CUIDADO COM AS FANTASIAS

Com frequência idealizamos as coisas na vida e, como elas não são de acordo com a nossa idealização, nada fazemos. Frustrados, deixamos o tempo passar. De vez em quando, paramos para nos lamentar da vida não ser o que queríamos, sem perguntar se nós somos o que a vida esperava que fôssemos. Criticamos os outros, por não terem as qualidades ou características que gostaríamos que tivessem, pois elas nos seriam mais convenientes, sem fazer a auto-análise para verificarmos se nós temos estas qualidades, ou aquelas que são as preferidas dos outros.
Se somos bons cozinheiros, achamos que este é um atributo fundamental do homem e esperamos que todo mundo goste de usar a cozinha e fazer pratos deliciosos. Julgamos os outros por sua habilidade culinária e falamos sobre o tema quase que diariamente. Ora, nem todos gostam de cozinha e não têm tempo para se dedicar a ela. O trabalho e o corre-corre do dia a dia nas grandes cidades não deixam tempo para que durante a semana alguém faça o seu próprio almoço. Se pensar bem, não me lembro de ninguém que o faça, pois todos os meus amigos e conhecidos trabalham.

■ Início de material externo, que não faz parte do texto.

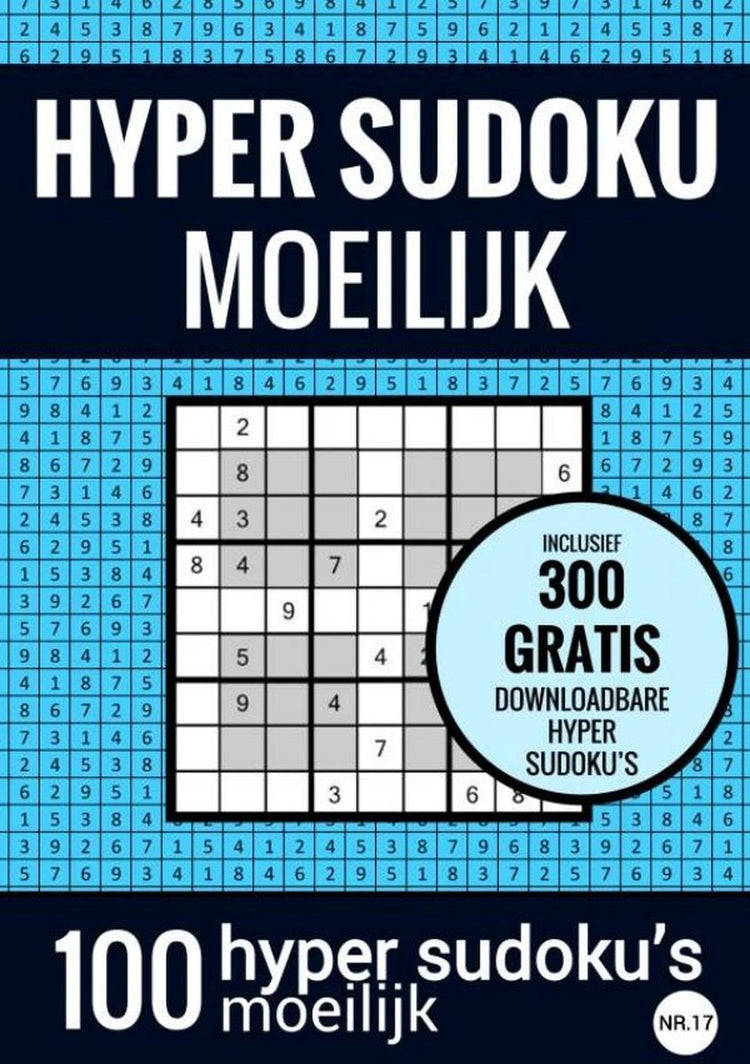 Hyper sudoku - sudoku difficile - non. 17 - livre de puzzles avec 100 puzzles difficiles pour adultes et personnes âgées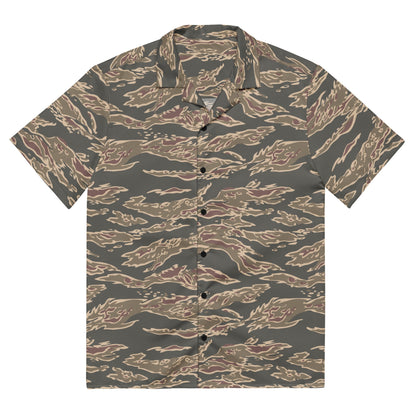 Taiwanese Special Forces Red Tiger Stripe CAMO Unisex Short-Sleeve Button Shirt - 2XS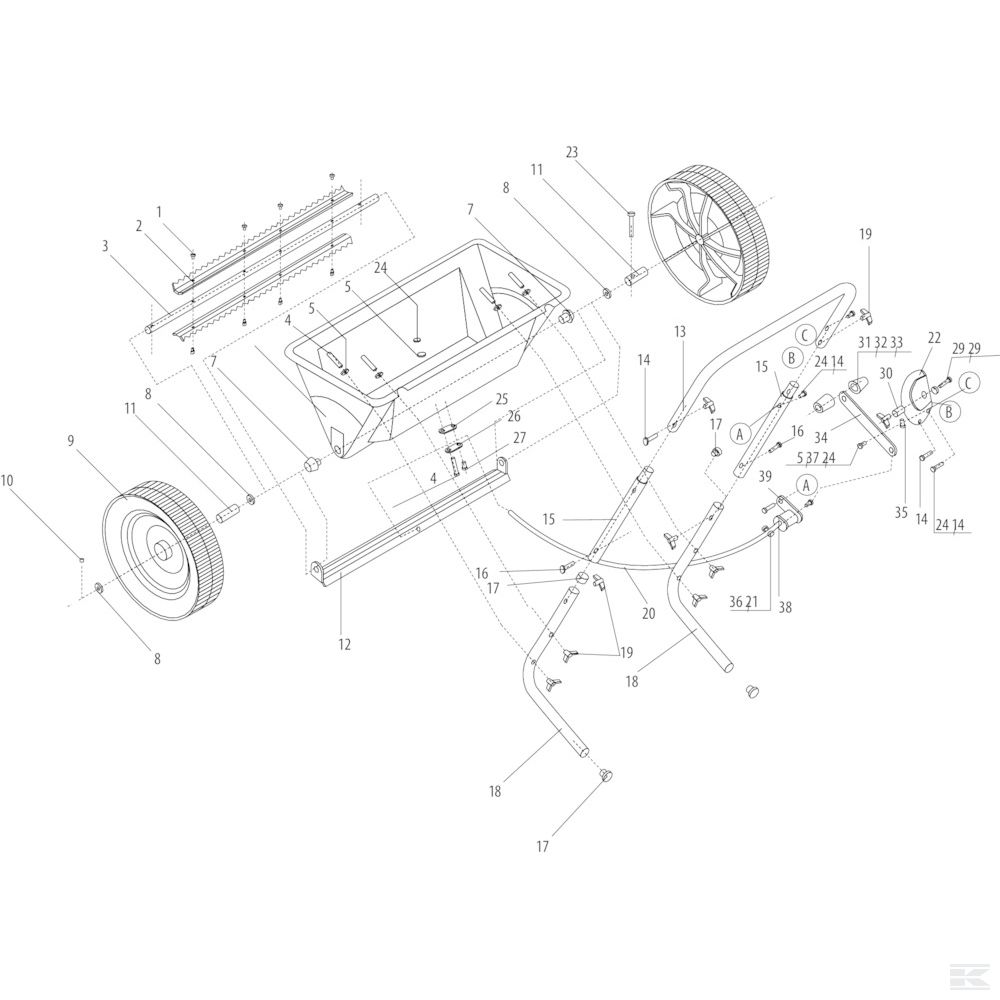 FGP455400GP Kolica za ručno posipanje cesta, 25 litara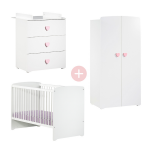 Chambre compl�te b�b� avec lit 120x60cm, commode � langer et armoire 2 portes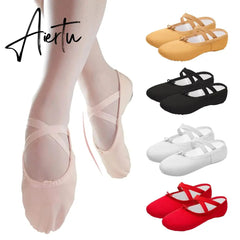 1pair Children Girls Practise Ballerina Shoes Canvas Soft Sole Ballerina Ballet Dance Slippers Ballet Shoes Woman Dance Shoes Aiertu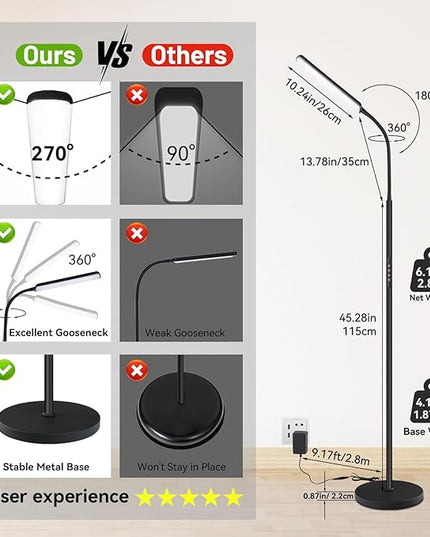 Dimunt LED Floor Lamp, 15W Super Bright RGB Corner Lamp, 3000K-6500K 4 Color Temps Dimmable Floor Lamp, Remote & Touch Control, 1 Hour Timer, Adjustable Gooseneck Standing Lamp for Living Room Home - LeafyLoom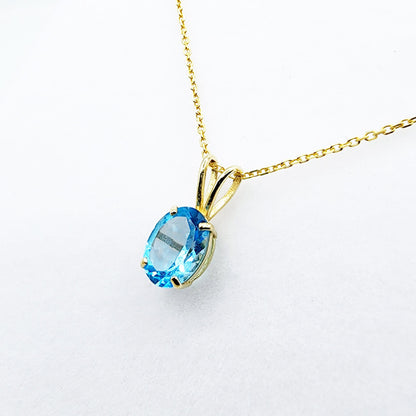 Gold Blue Topaz Pendant Necklace, 10K Yellow Gold Blue Topaz 8x6mm Pendant, December Birthstone, Topaz Jewelry, Birthday Gift For Her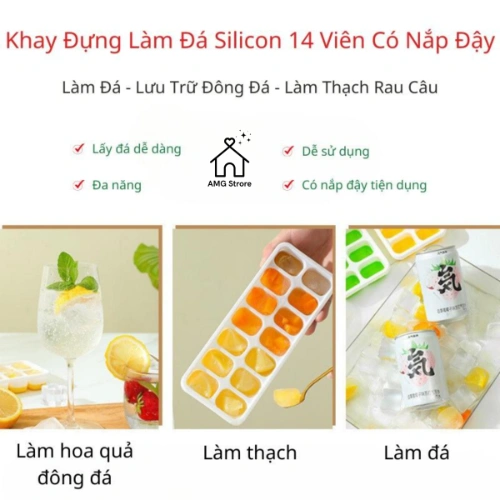 Khay Làm Đá Silicon 14 Ô Có Nắp Đậy - Khay Đựng Đá Tủ Lạnh, Làm Đá Thạch Kem Bảo Quản Chống Mùi, Vách Chống Tràn-FL02
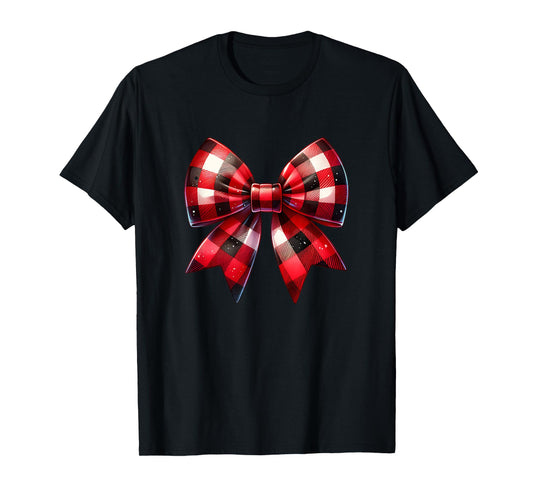 Coquette Bow Christmas Red Buffalo Plaid Xmas Womens T-Shirt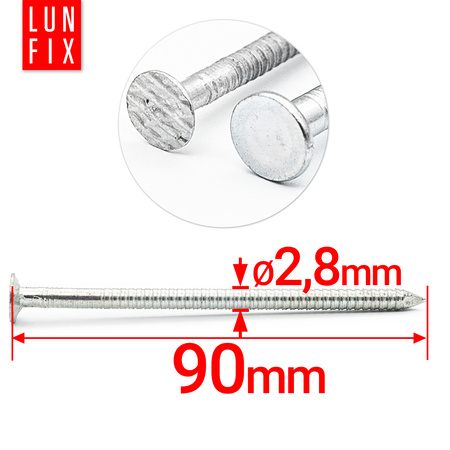 Gwoździe pierścieniowe 2,8x90 mm 3,5" ocynkowane 1kg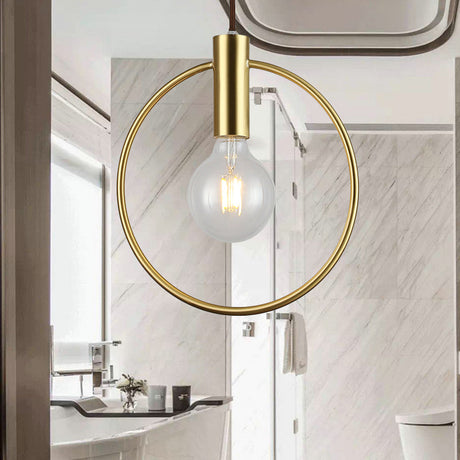 Vintage Gold Metal Pendant Lamp: Circular Hanging Ceiling Light For Hallway Brass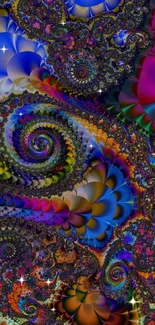 Bright and colorful fractal swirl wallpaper with vibrant, intricate patterns.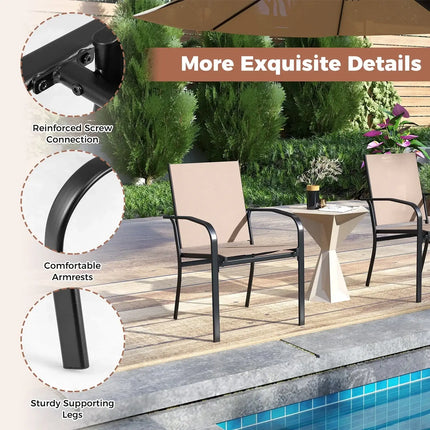 Outdoor Dining Chairs Set of 2 with High Back and Metal Frame-Light Brown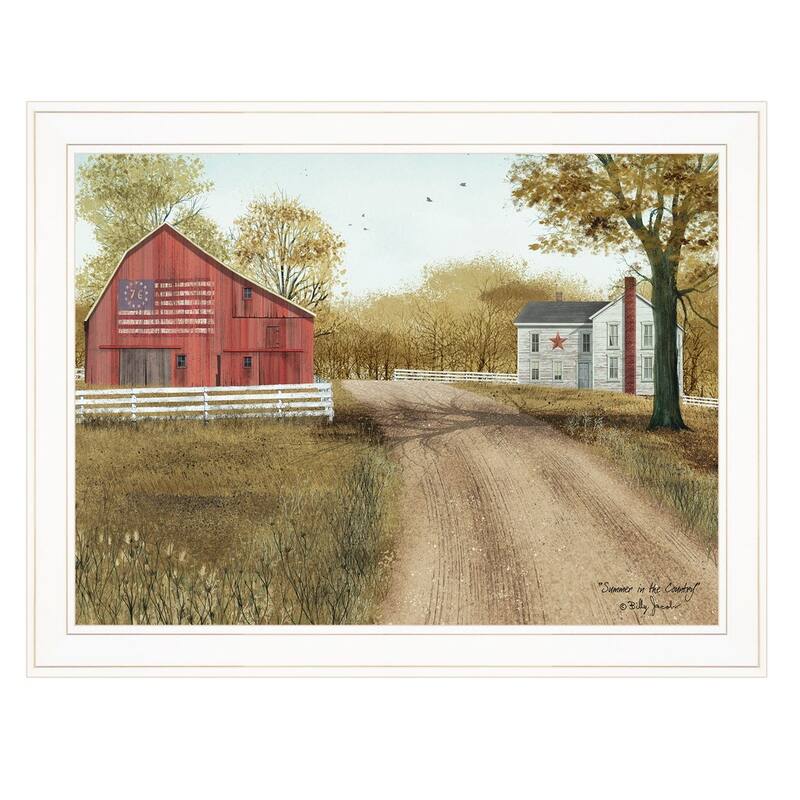 TrendyDecor4U Farmhouse "Summer in the Country" Framed Print Wall Art by Billy Jacobs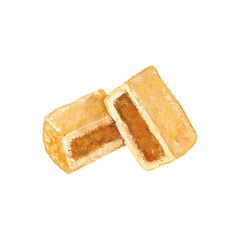 A group of pineapple moon cakes in digital pastel painting illustration art design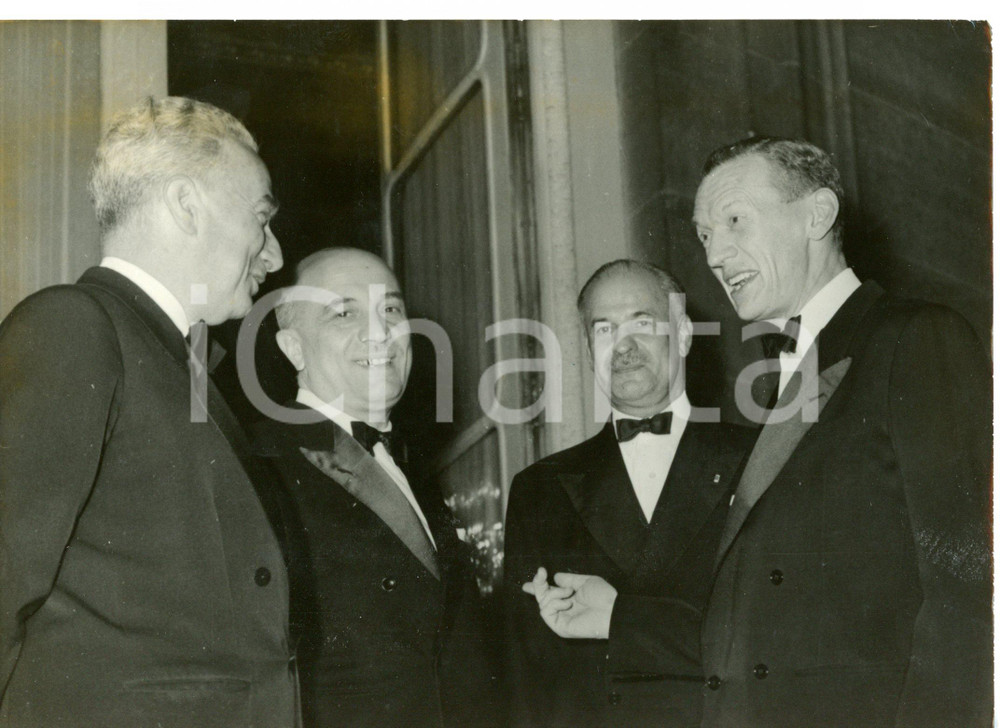 Fotografia d epoca originale 1958 PARIS Amintore FANFANI  Gaston PALEWSKI  Maurice COUVE DE MURVILLE Foto 1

Neste caso, estaríamos usando a exceção – alguém que não trabalha e, portanto, tem disponibilidade para a cozinha – como parâmetro para avaliar os outros.
Retornemos às idealizações e vejamos outros exemplos. O primeiro relacionamento amoroso duradouro é normalmente mais idealizado do que os outros, pois temos mais expectativas e menos experiência. Fantasiamos que não teremos os problemas que vimos em outros casais, que seremos eternamente apaixonados e que viveremos “felizes” para sempre, como nos antigos filmes de Hollywood. Na realidade aprendemos que as coisas não são assim. Muitas pessoas, após a primeira separação passam a vida de relação em relação em busca do par ideal, numa espécie de jogo lotérico, ou se fecham e não se relacionam mais, magoados com o destino que a escolheu como a “única vítima” da desilusão amorosa.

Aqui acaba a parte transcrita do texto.